Specifically, when all the equipment is up and running (i.e. the air conditioning system, 2x rack mounted servers, 5x 48-port PoE switches and also the door access system - which has its backup batteries and main control circuits based inside the server room) we occasionally see the servers spontaneously reboot, the door access system reboots and the PoE switches simultaneously lurch into a non-functional state for 20 minutes or more at a time. When this happens, all three systems reboot simultaneously. All three systems are on the same circuit.
The servers and switches are running on a UPS device and the card access system also has a backup battery of its own - so a simple momentary loss of power would not explain this as everything should just continue to run from the UPS without interruption. We've disconnected the UPS from the wall and have seen the servers continue to run, as expected - so the UPS seems to be working properly as far as power outages are concerned.
None of the circuit breakers have ever tripped or needed to be reset.

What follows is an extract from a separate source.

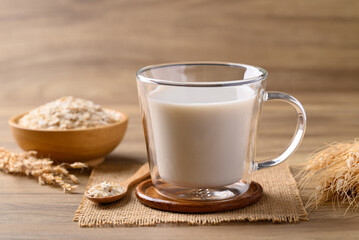 Oat milk in cup glass on wooden background, Alternative milk made from plant, non dairy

The air conditioning system is apparently on a separate circuit to the servers and network equipment; however, its power cables share a conduit with the power cables which run to wall outlets used by the servers etc. Could there be a risk of a voltage being induced from one circuit to the other when the AC switches on or off as they are parallel to each other for quite a few metres?
I talked to one of the electricians who was trying to work out what was happening and he said that, although the air conditioning unit is on a separate circuit to the servers and other systems, the two circuits actually share a common neutral - something he thought could potentially causing problems. Is this a normal configuration or would it be considered bad practice to have something like an AC unit share a neutral with sensitive equipment in a server room?
目前,该问题已自行消退。服务器已停止自发重启,交换机重新联机,但没有进行真正的更改,因此潜在的问题仍然存在,并且迟早会重新出现。
鉴于我们在这些事件中看到多个带有独立备用电池单元的系统重新启动,除了电涌或尖峰之外还有什么可能的解释?
虽然这不是您所希望的直接“这就是您的问题”答案,但这是我的建议。
看来,虽然你很高贵,但你对找出问题所在的追求并不会很快得到解决。
您可以像其他人建议的那样,尝试记录任何可以记录的内容,并希望出现一种模式。
我喜欢德罗伯特关于雇用某人来测量电能质量的建议......
然而,这是我的实际建议,你已经做了一些。 交给电工吧。
严重地。合格的电工(即使您必须外包)应该能够为您提供根本原因,无论它是否本质上是电气的。他们可以测试每个电路,以确保它们没有过载(特别是在尖峰/启动时),他们可以确保接线充足,并且电路的大小适合您所连接的内容。等等等等
大多数时候,IT 部门没有自己合格的电工,我们常常喜欢只是“插入东西”,而没有意识到我们是否使用了正确的电路、平衡电路等。
如果您的 UPS 支持日志收集,我会这样做,哪怕只是为了帮助证明问题。虽然您的 UPS 可能不够高端,无法足够(快速)正确地补偿峰值/谷值,但这并不意味着它是根本原因。对我来说这听起来像是一个电气问题。如果您正在运行一个不错的在线 UPS,并且它似乎能够正确补偿输入电压(根据其日志),那么所有插入其中的 IT 设备和读卡器系统同时重新启动就会很奇怪。
与您的老板交谈并解释需要专业电工进行诊断的问题。期望电工设置 BGP 路由是不公平的,反过来也不期望系统管理员成为合格的电工。